Poptren.suara.com – Ferdy Sambo dan sang istri Putri Candrawathi sudah ditetapkan sebagai tersangka kasus penembakan Brigadir Nofriansyah Yoshua Hutabarat atau Brigadri J.
Awal mula kasus tersebut beredar dugaan bahwa penyeba penembakan tersebut karena pelecehhan yang dilakukan Brigadir J kepada Putri Candrawathi.
Namun ternyata setelah diselidiki tentang kasus pelecehan itu, tim khusus menemukan kejanggalan.
Dalam kasus Ferdy Sambo ini ternyata banyak sekali kejanggalan yang ditemukan polisi.
Simak informasi berikut ini.
Putri Candrawathi Prank Pengacaranya Tentang Laporan Pelecehan Seksual Brigadir J
Bareskrim Polri telah menggugurkan laporan terkait dugaan pelecehan yang dilaporkan Putri Candrawathi.
Laporan dugaan percobaan pembunuhan terhadap Bharada E yang dilaporkan anggota Polres Metro Jakarta Selatan pada hari Jumat, 8 Juli 2022 lalu juga digugurkan.
kepala Bareskrim Polri Komjen Pol.

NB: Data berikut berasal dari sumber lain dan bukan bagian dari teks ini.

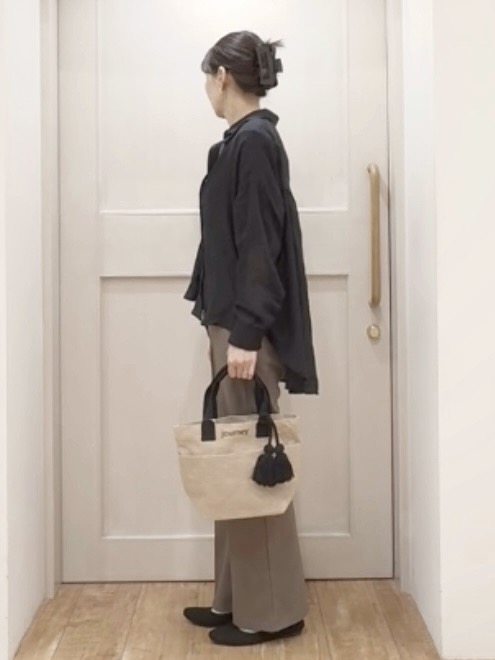 tamuさんの「SHOO･LA･RUE｜【体型カバー】ふんわり質感 やわらかこなれシアーシャツ」を使ったコーディネート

Agus Andrianto meminta semua pihak untuk menunggu perkembangan penyidikan yang dilakukan oleh Tim Khusus Polri.
Tak Ada Bunker Rp 900 Miliar di Kediaman Ferdy Sambo
Mabes Polri menepis kabar terbar yang menyebutkan adanya temuan bunker yang berisikan uang sebanyak Rp 900 miliar di rumah Irjen Ferdy Sambo.
Setelah diselidiki ternyata informasi itu hanyalah hoaks belaka.
"Berdasarkan informasi dari tim khusus yang melakukan penggeledahan di beberapa tempat Irjen FS (Ferdy Sambo), info soal bunker Rp 900 miliar tidaklah benar," kata Kadiv Humas Polri Irjen Dedi Prasetyo kepada wartawan, Sabtu (20/8/2022).
Hoak Ferdy Sambo Akan Buka Bobroknya Polri Saat Dirinya Menjadi Tersangka
Dalam sebuah akun Facebook bernama @Adventure, terdapat sebuah unggahan video yang berisikan narasi bahwa Ferdy Sambo akan mengancam buka borok Polri jika ia menjadi tersangka.
"Ferdy Sambo ‘Mengamuk’ di Mako Brimob, Tebar Ancaman Bakal Buka Borok Polri Jika jadi TERSANGKA!”.
Diketahui, kabar tersebut merupakan hoaks atau tidak benar dan tidak bisa dipertanggungjawabkan.
Kapolda Metri Fadil Imran Terima Suap (Hoaks)
Dikabarkan Irjen Pol Fadil Imran telah menerima suap sebanyak Rp 40 miliar dari kartel narkoba.
Kabar ini beredar si sebuah akun Twitter bernama @opposite6890 yang mengunggah informasi bohong tersebut.
Polisi masih memburu pemilik akun tersebut.
Direktur Reserse Kriminal Khusus (Ditreskrimsus) Polda Metro Jaya, Kombes Pol Auliansyah Lubis bahwa pelaku yang belakangan ini diketahui bernama AH (24) mengklaim memperoleh data dari akun Twitter @Opposite6890.
AH sendiri sebagai pelaku yang menyebarkan video hoaks mengenai hal tersebut.
Ada Rekaman Suara Brigadir J Saat Disiksa (Hoaks)
Dalam video di platform TikTok ada yang mengunggah suara seseorang sedang disiksa. Video tersebut beredar dan diklaim merupakan suara Brigadir J yang sedang disiksa.
Suara yang ada di dalam video tersebut adalah suara Laskar FPI sebelum meregang nyawa pada Desember 2020 lalu. Karena itu, rekaman rintihan Brigadir J itu dipastikan hoaks.